Monday, April 2, 2012

The Myth of the Pelican & the Truth About Humans

 

There is an interesting bit of information about pelicans circulating among bird lovers. It holds that because of their diving into the water from heights up to 60 feet and at high velocity,
they eventually go blind from the accumulated damage done to their eyes when they
hit the water. In other words, some of the very things that serve their survival—their keen eyesight and diving ability—lead to their demise. Now I have discovered this is not true. It is a myth. First of all, not all pelicans dive for prey. Some of them paddle along the surface and do quite well catching dinner
from a sitting position, thank you very much. Those that do dive have protective sacs that cushion the
impact on their eyes. Pelicans have been around for roughly 40 million years without significant change in their anatomy, from what we can tell. So the design seems to work. Individual pelicans also live up to
forty years, which puts their diving scores far beyond those of any human Olympian.
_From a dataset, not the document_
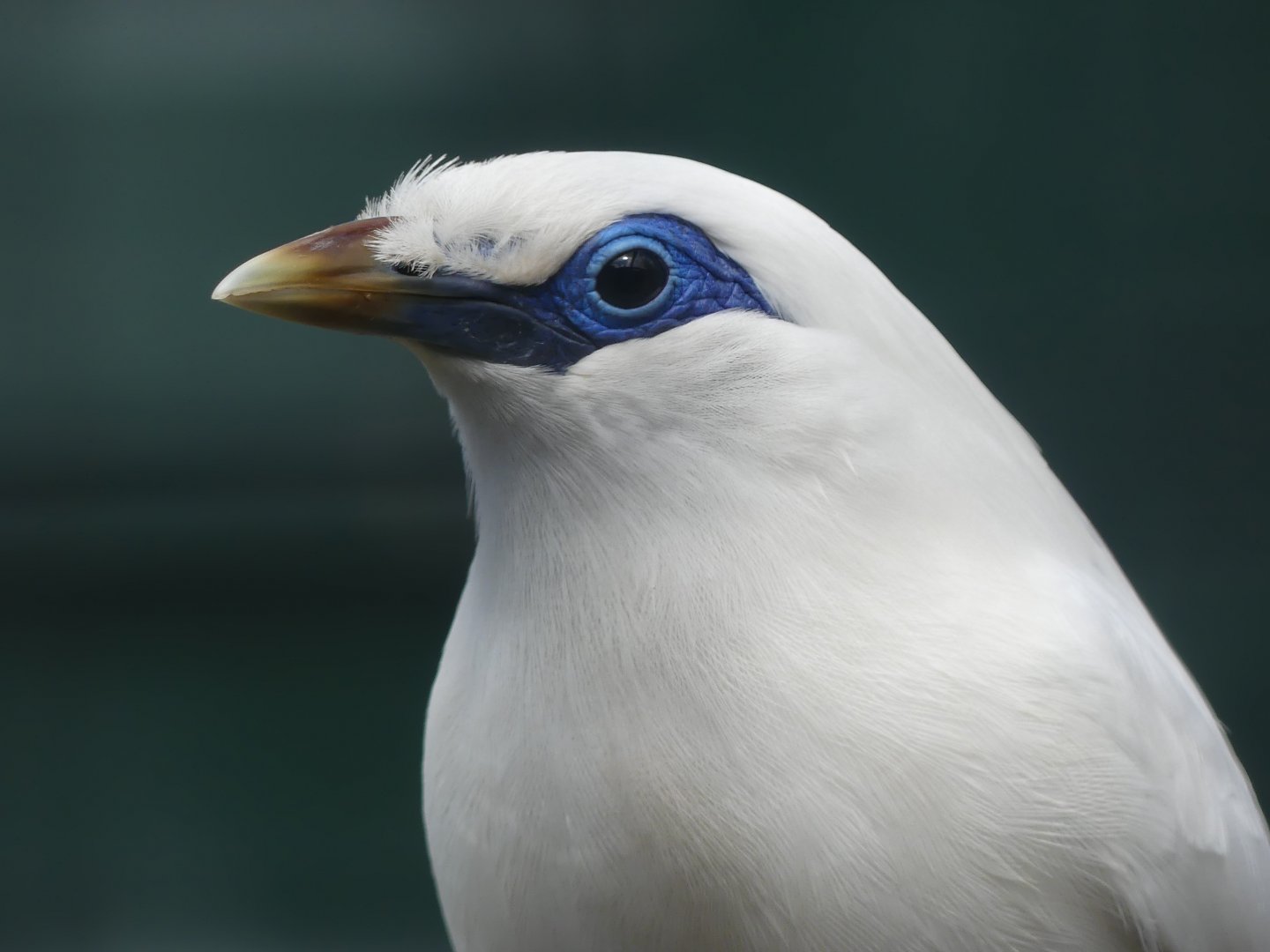 Bali Starling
So this is a myth, but we have many myths in human culture. They are not true on the surface, but they are true at the depth. An obvious example is the myth of Superman, which I have written about extensively (my first book, The Superman Syndrome, 2000, Authorhouse). When is the last time you saw a man flying around your city in blue tights with red boots? No, there is no superman, no superheroes, no X-men, no Prometheus giving fire to man (if you want to go all the way back to the Greeks). Nonetheless, a careful examination of these myths teaches us some valuable lessons. The preeminent one for me is that all these superheroes have some kind of terrible wound visited upon them. In the case of Superman, his entire planet exploded with his family on it when he was merely a baby. He had to endure a long solitary journey to his new home on earth. He grows up to be the Man of Steel. But there is something very interesting about this man. He doesn’t feel very much. He’s not the sensitive type. If he has any feelings, they seem to be a kind of detached amusement or righteous anger. But the deep truth is conveyed to us when we discover that in order for him to be in love with Lois Lane, he must give up his super powers. In other words, steel and feel don’t compute.
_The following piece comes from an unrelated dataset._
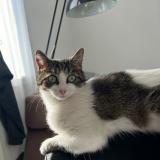 Foto del gato perdido en Plouzane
The myth is repeating to us a basic human truth. That when we undergo trauma in childhood, we tend to shut down. The capacity to feel, to yearn for connection is there under the surface but we are not fully in touch with it. We become grandiose. We become world-shakers, masters of the universe in business and politics, figuratively or literally insane artists who create magnificent paintings, sculptures, poetry, film roles, or athletic stars--all to feed the public hunger for someone to instill hope that we can triumph in the end.
But, like the teaching within the myth of the pelican, what we discover is that while being able to disconnect from feeling has allowed us to survive through the traumas of the childhood of our species and our individual childhoods, in the long run, this dampening of feeling puts us at risk of vanishing.
We seem to need crises to awaken our deeper sensibilities—like global warming today, or the suffering of our fellow man paraded before our eyes on evening TV such as happened during the Viet Nam war and the Civil Rights Movement or more recently, the devastation of Katrina on the people of New Orleans or the brutal suppression of human rights in so many countries around the world. But reacting to crises is a risky strategy at best. We are always trying to catch up. We don’t seem capable of grasping and acting on the essential truth by asking the core questions: why would humans treat each other this way? Why would humans treat the planet that has given them life this way? How could we be so insensitive to the evidence that surrounds us?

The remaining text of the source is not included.